Der Antragsteller wendet sich in seiner Beschwerdebegründung vom 19. Juni 2025 (Bl. 50 ff. des Rechtmittelbandes - RMBd - der eGA) gegen die oben unter I. 2. wiedergegebenen Erwägungen der Vorinstanz. Zum einen sei hier entscheidungserheblich, dass der Antragsgegner die Anordnung der Beibringung eines Gutachtens auf eine Rechtsgrundlage gestützt habe, deren Voraussetzungen offenkundig nicht erfüllt gewesen seien (1.), zum anderen liege keine erhebliche Straftat im Zusammenhang mit der Kraftfahreignung vor, die Zweifel in Bezug auf diese Eignung rechtfertige (2.). Diesbezüglich habe der Antragsgegner (wie von dem Verwaltungsgericht allerdings verkannt worden sei) seine Pflicht zur Sachverhaltsaufklärung verletzt und deshalb das hinsichtlich der Anordnung einer Begutachtung eingeräumte Ermessen fehlerhaft ausgeübt (3.). Schließlich habe ihm, dem Antragsteller, das Verwaltungsgericht teilweise das rechtliche Gehör versagt (4.).

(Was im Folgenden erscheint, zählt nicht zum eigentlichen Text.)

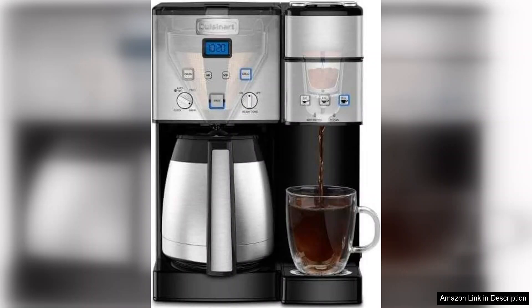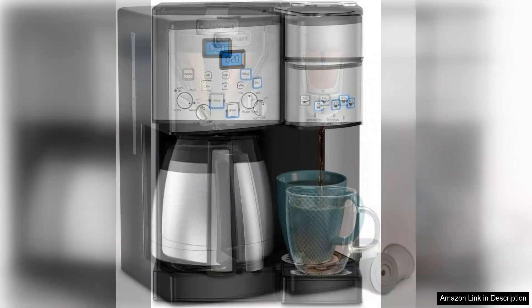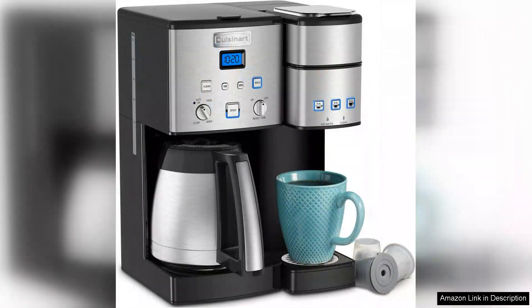While the Cuisinart Coffee Centre excels in many areas, it's worth noting that the single-serve section might struggle with thicker coffee grounds, leading to occasional clogging. However, this minor issue does not overshadow the machine's overall performance.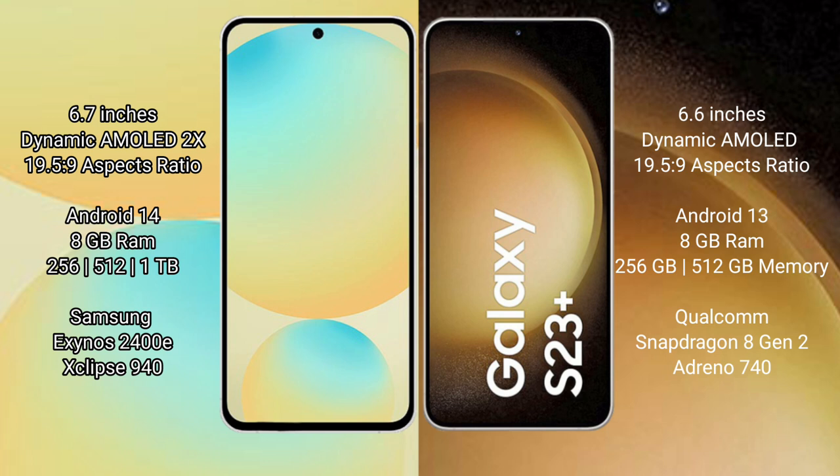The Samsung Galaxy S24 FE runs on the Android 14 operating system, while the Samsung Galaxy S23 Plus runs on the Android 13 operating system. The Samsung Galaxy S24 FE comes with 8GB RAM.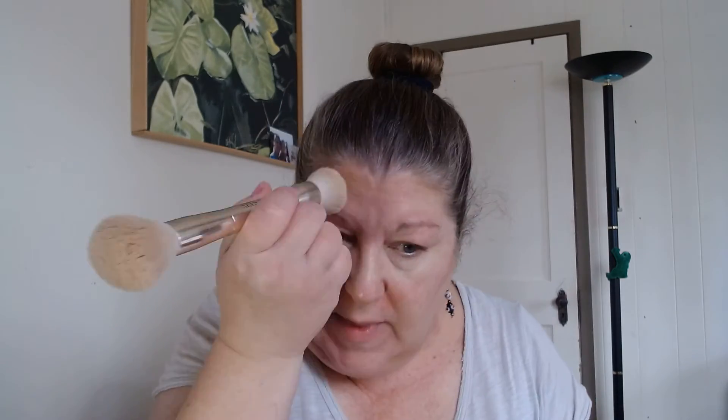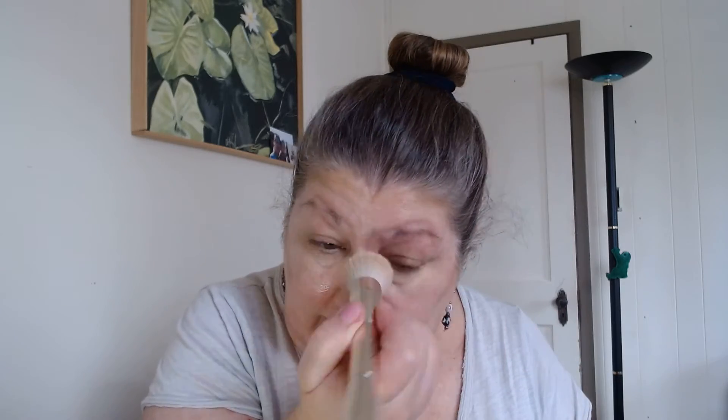Then I take the color corrector — the one that has a little bit of green to it. This color is called June. All it does is help camouflage these broken blood vessels that I have. We believe that all faces are beautiful and natural and we want to keep them that way — keep your skin looking like skin. You want to look like yourself. Then I take the fluffy end of the brush and blend everything in.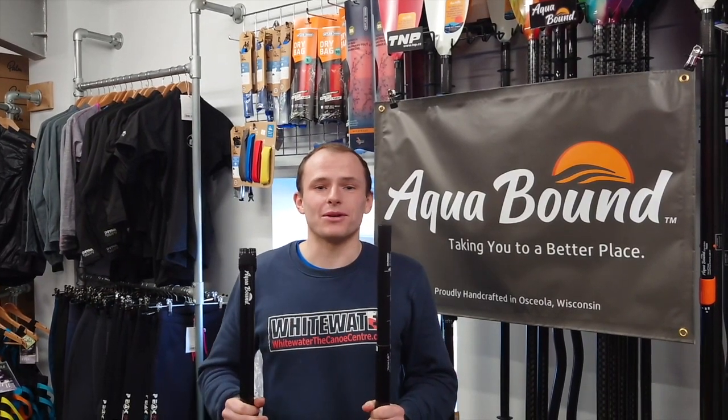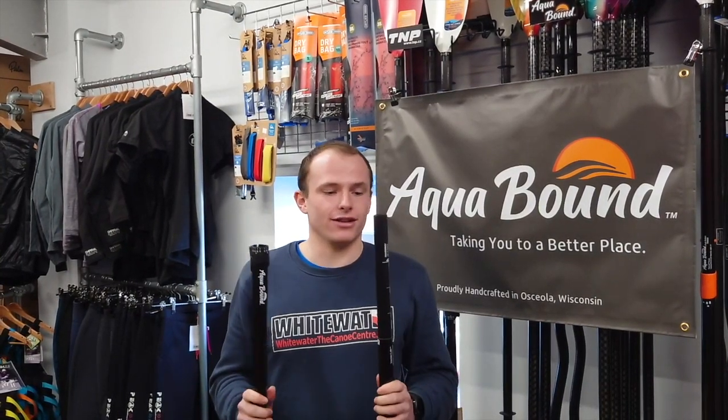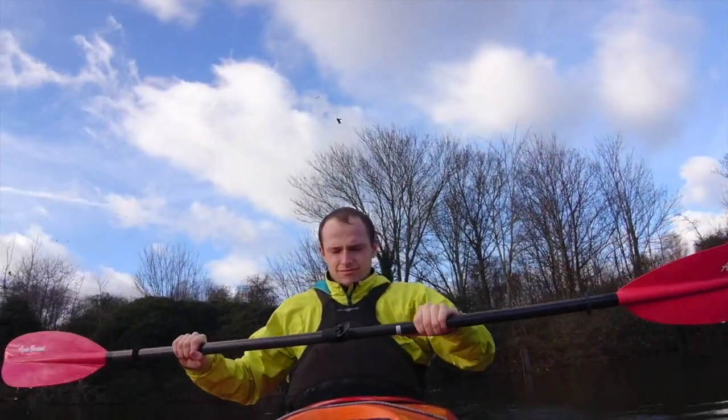Hello, today we're going to be talking about Acroban's new adjustable VersaLock ferrule system. This new system allows 15 centimeters of length adjustment, so you can go from a nice efficient high-angle paddling style to a more relaxed cruising low-angle paddling style.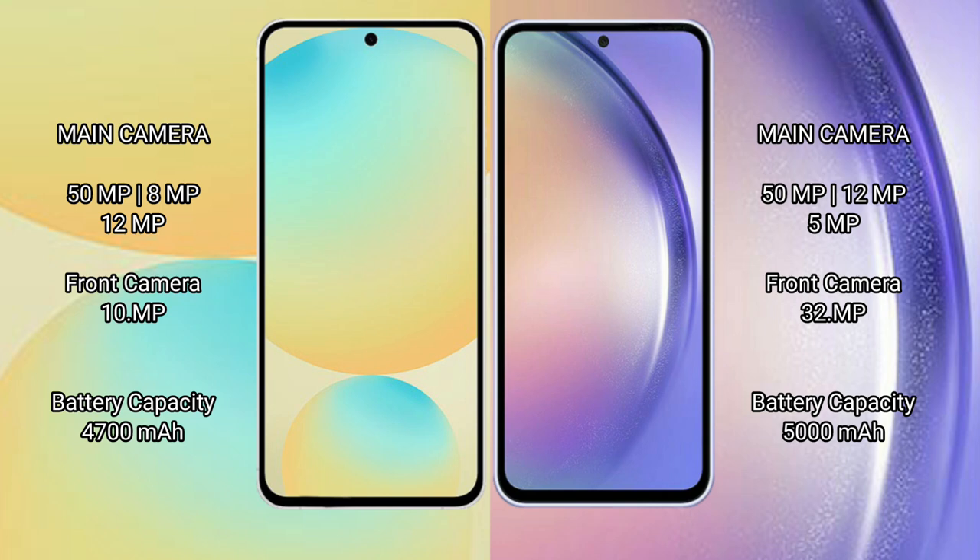Samsung Galaxy S24 FE has a 4600mAh battery with 25W fast charging support. Samsung Galaxy A54 has a 5000mAh battery with 25W fast charging support.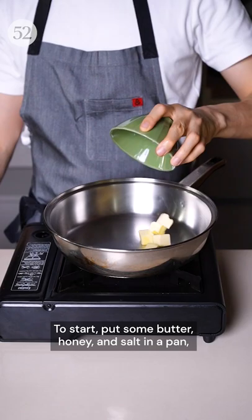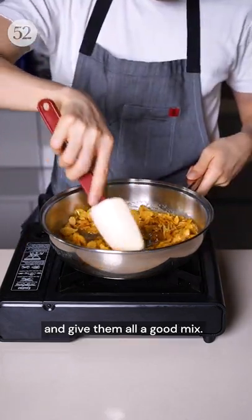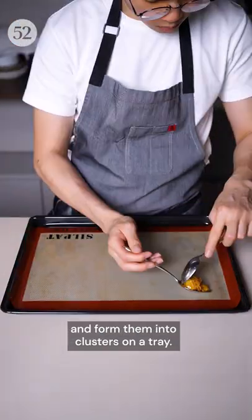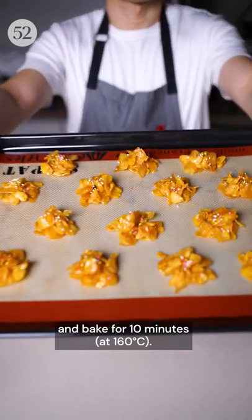To start, put some butter, honey and salt in a pan, melt them together, pour in the cornflakes and give them all a good mix. While it's still warm, scoop out the cornflakes and form them into clusters on a tray. Add some sprinkles on top and bake for 10 minutes.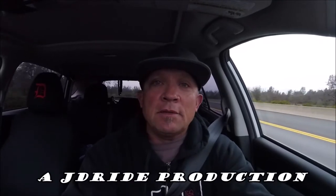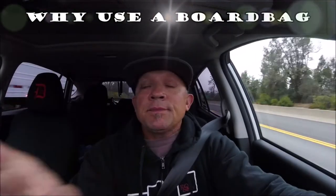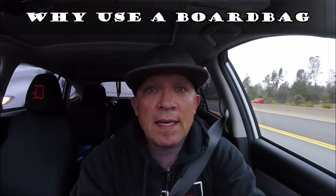I'm off to the mountains for a day of snowboarding. I got to thinking about my board bag and why I use a board bag. Right now my snowboard's up on the roof rack and it's in a board bag. There are many reasons to use a board bag, but primarily using a board bag while on the roof rack is a good way to keep the road grime off your board.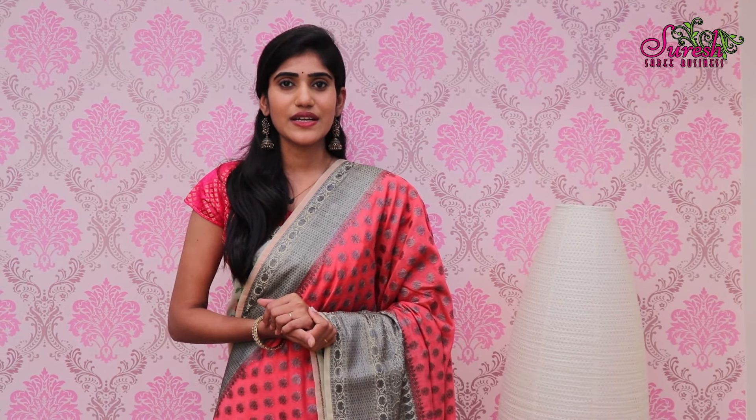We are going to look at the Silk Georgette model in different colors. First, we will choose the peach and cream color combination. We will try to paint the cream color in other areas, including the Blouse and Powder Blouse.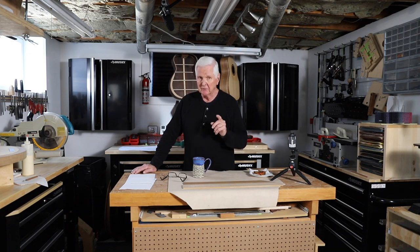Today on our build, what we're going to be doing is gluing up all the support pieces on the top, and I'm going to show you that in just a moment. But first let's spin that intro, and then we'll get back to the top.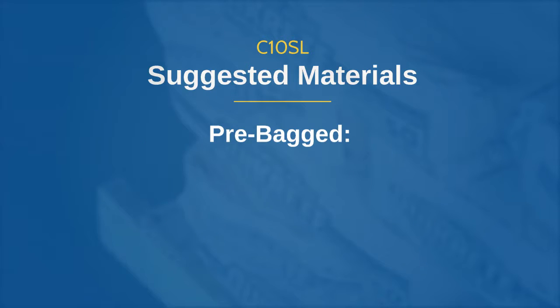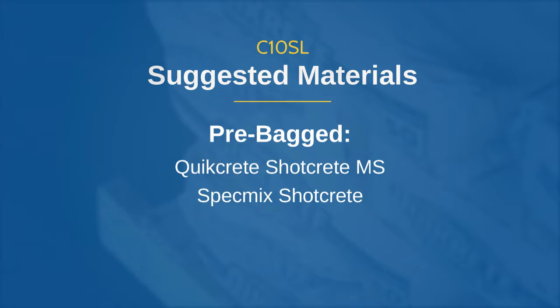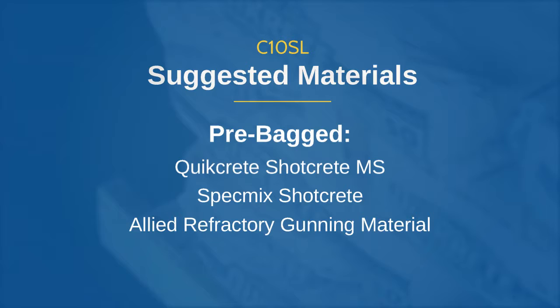Pre-bag materials include QuickCrete ShotCrete MS, SpecMix ShotCrete, Allied Refractory Gunning Material, and King Packaging Materials.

1. Der Antragsteller kritisiert, das Verwaltungsgericht habe fehlerhaft angenommen (s. o. unter I. 2. b), es sei unerheblich, dass der Antragsgegner seine Anordnung zur Vorlage eines Gutachtens ausschließlich auf § 11 Abs. 3 Satz 1 Nr. 7 FeV gestützt habe. Denn ein Austausch der Rechtsgrundlage einer Gutachtenanforderung sei grundsätzlich unzulässig (vgl. Nds. OVG, Beschl. v. 26.9.2019 - 12 ME 141/18 -). Es sei durch nichts belegt und werde bestritten, dass der Antragsgegner die Anordnung lediglich versehentlich auf eine falsche Rechtsgrundlage gestützt hätte. Eine solche Annahme könnte zudem nicht dazu führen, dass auf diesem Umweg ein Austausch der Rechtsgrundlage ohne weiteres möglich werde, die ihn, den Antragsteller, selbstverständlich in seiner Rechtsverteidigung beeinträchtigen würde.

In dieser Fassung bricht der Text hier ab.